Battleground Baltimore: We Told You So
by Jaisal Noor and Lisa Snowden-McCray
Published August 20 in The Real News Network
Excerpt: The lessons from the Taliban’s retaking of Kabul on Aug. 16, nearly two decades after the US invasion of Afghanistan, were not lost on local anti-war activists who have opposed the war since its outset.
“This war was a complete failure, it made things for the people of Afghanistan worse, and, potentially, the Taliban is more popular now than they were in 2001,” Ryan Harvey, a local activist and musician who organized against the war, told Battleground Baltimore.
The Taliban’s rapid ascent came despite over $2 trillion spent on the US war effort, and an enormous loss of human life.

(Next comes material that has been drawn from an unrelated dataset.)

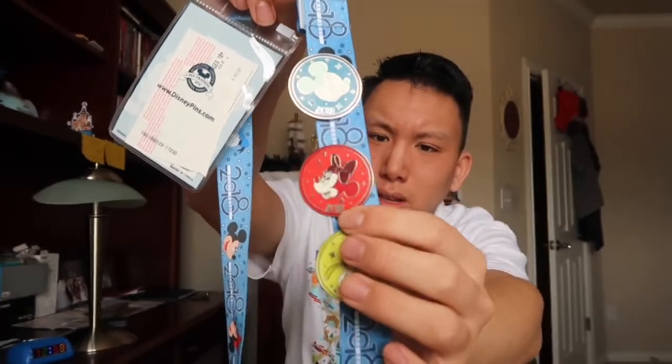Yesterday I went into the Disney Store and bought some pins. I haven't bought a pin since I went to Disneyland in 2018. The ones I got here were like starter sets — there's a Mickey pin, a Minnie pin, a Goofy pin, and a Donald Duck pin. This one I got a few years before that, the year I went to Disneyland.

The press has focused on the American toll—2,448 US soldiers and 3,846 contractors—but Afghans paid a far higher price: 47,245 civilians, 66,000 Afghan military and police, and 51,191 opposition fighters have been killed to date, according to the AP.
The nation was gripped in a nationalist fervor after the attacks of September 11, 2021. 90% of Americans supported the war, and it wasn’t uncommon for those percieved as Muslim or “anti-American” to face assaults, harassment, or worse.
“We wanted to get ahead of any effort on the part of the US military to try and seek vengeance for the Sept. 11 attacks,” Mike McGuire, who organized against the invasion of Afghanistan in 2001, told Battleground Baltimore.